Je me suis donc offert un petit safari à cent trois kilomètres de chez moi ; après moult consultations de prospectus vantant les beautés de parcs animaliers de plus en plus sophistiqués qui poussent un peu partout, où l'on peut faire des photos sans crainte d'être mangé, avec la clim' et tout et tout.

 

Je m'étais équipée d'une saharienne et d'une besace sur lesquelles ma voisine Adrienne avait louché d'envie dans le hall de l'immeuble où l'on s'était croisées, elle en pantoufles et bigoudis, moi en grosses chaussures de marche et treillis, alors que j'attendais un taxi.

 

Je m'apprêtais à vivre une aventure ; j'avais loué pour l'occasion un lodge, dont les vitres étaient si propres qu'elles semblaient inexistantes ; un instant j'ai pensé au Cambodge mais c'était tellement loin, comme les étoiles dans l'univers, comme le fond de mon verre où luisait un cocktail très cher.

 

La nuit commençait à poindre en allumant çà et là des lumières tamisées et la batterie de mon appareil photo clignotait ; j'avais abusé de la girafe et de son immense langue, c'est souvent ainsi que finissent les photographes amateurs qui ont besoin de prises en temps et en heure.  

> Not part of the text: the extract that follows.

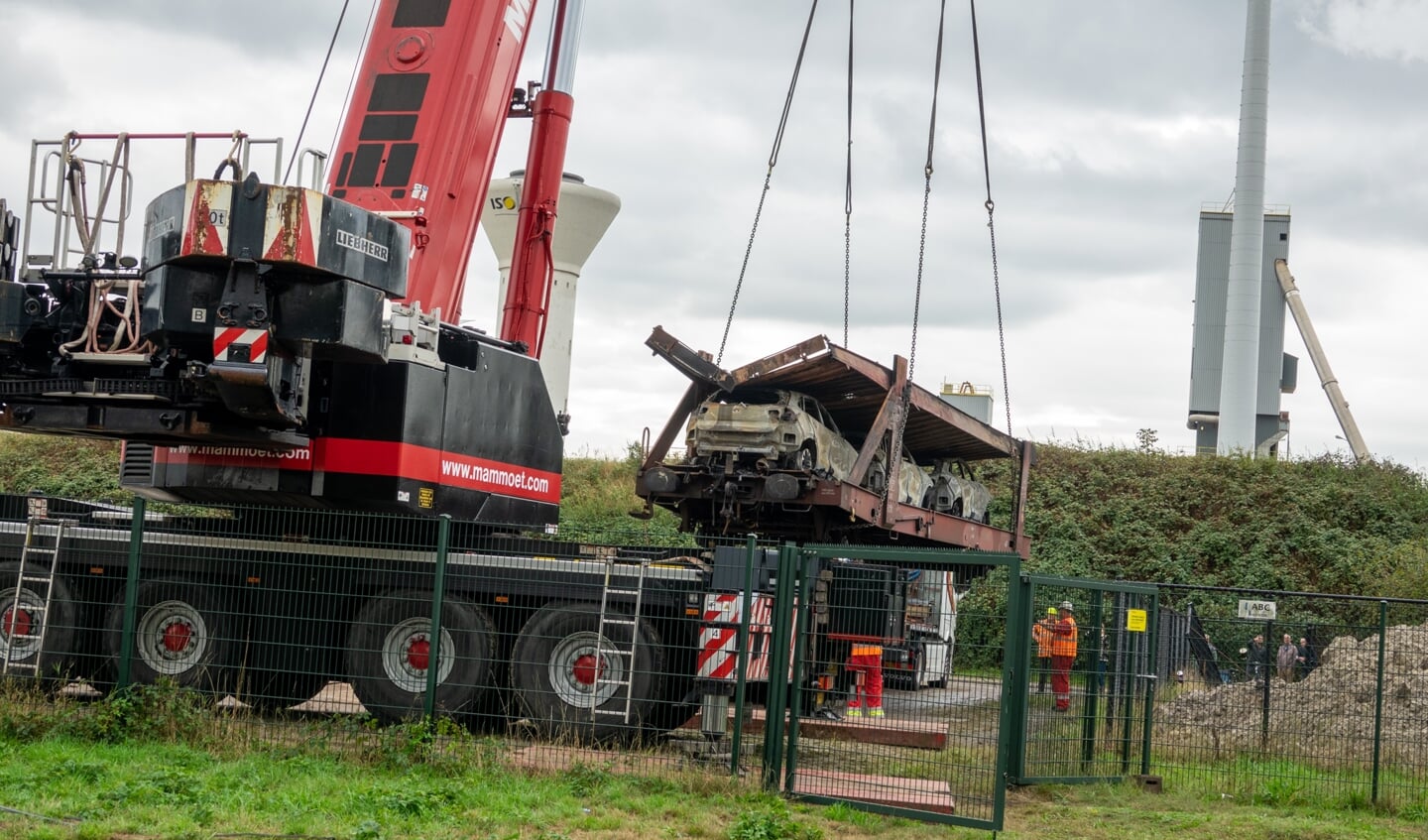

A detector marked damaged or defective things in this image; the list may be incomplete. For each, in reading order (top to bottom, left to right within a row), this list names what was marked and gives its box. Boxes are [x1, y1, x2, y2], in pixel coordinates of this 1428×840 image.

burned car wreck [643, 329, 1031, 559]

A travers mes jumelles à infrarouge, j'observais deux hommes qui marchaient sans hésitation entre les arbres, comme les braconniers que j'avais surpris une fois dans la garrigue, qui avaient bouffé toutes les figues du château de ma mère.

L'un d'eux portait un fusil sur son épaule, l'autre une mallette au contenu inconnu.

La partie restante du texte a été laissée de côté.